■ WHAT THIS TASK INVOLVES
Transcribe, word for word, only the lines from the one containing "Orologio elegante quarzo" through the end of the material below. Pictures stay out.

________________________________________

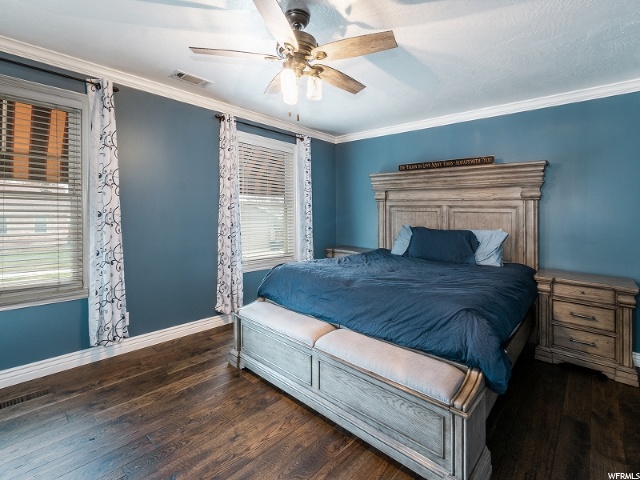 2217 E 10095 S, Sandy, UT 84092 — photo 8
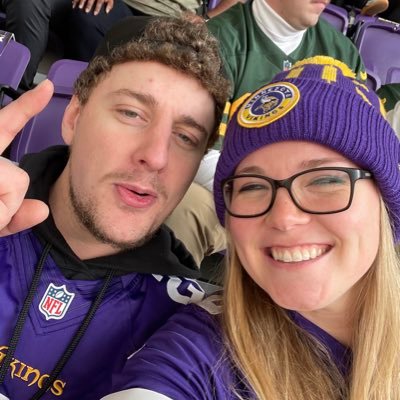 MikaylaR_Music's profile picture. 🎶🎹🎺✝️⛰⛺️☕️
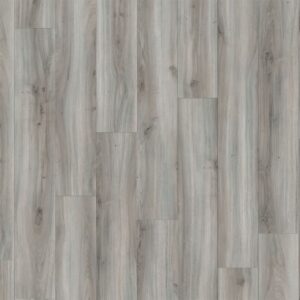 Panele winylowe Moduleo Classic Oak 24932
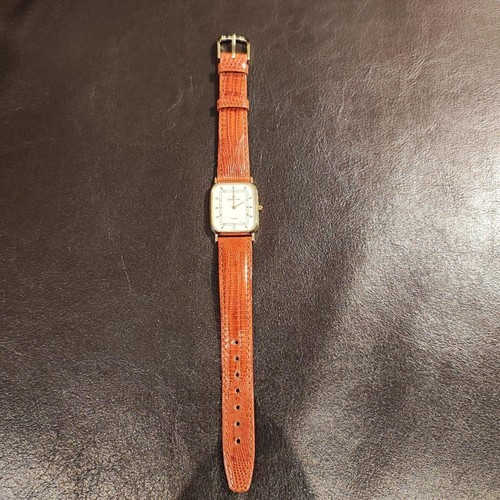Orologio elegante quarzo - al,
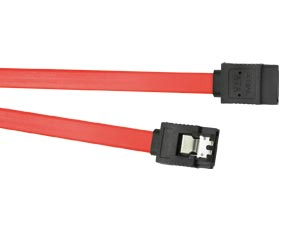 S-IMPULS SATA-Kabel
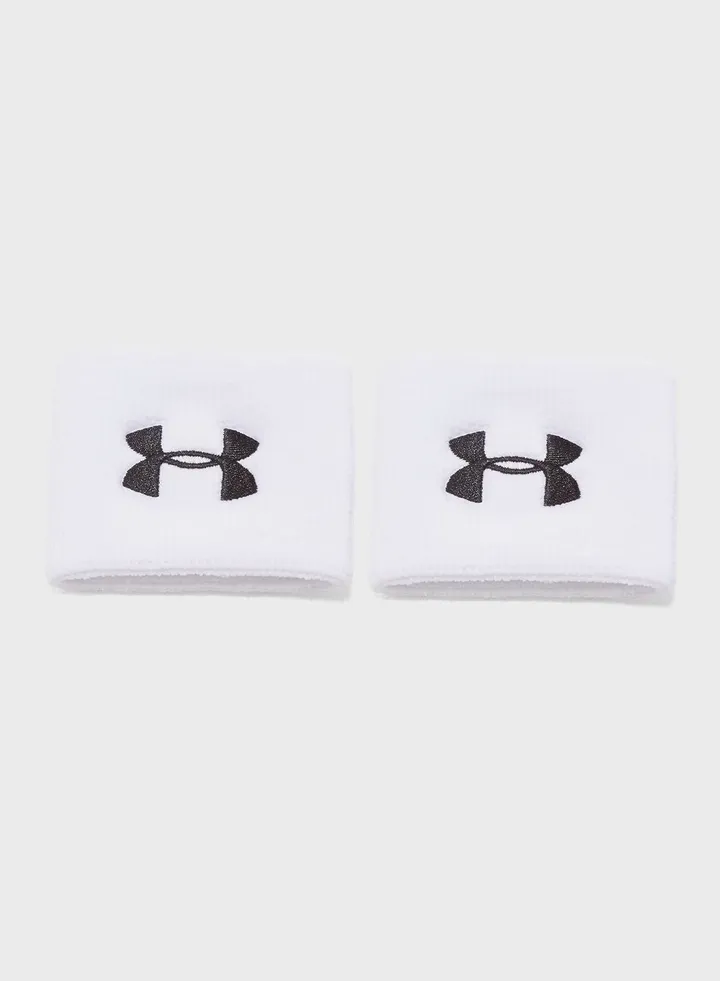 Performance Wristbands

________________________________________

■ FINISHED TASK
Orologio elegante quarzo - al,
 S-IMPULS SATA-Kabel
 Performance Wristbands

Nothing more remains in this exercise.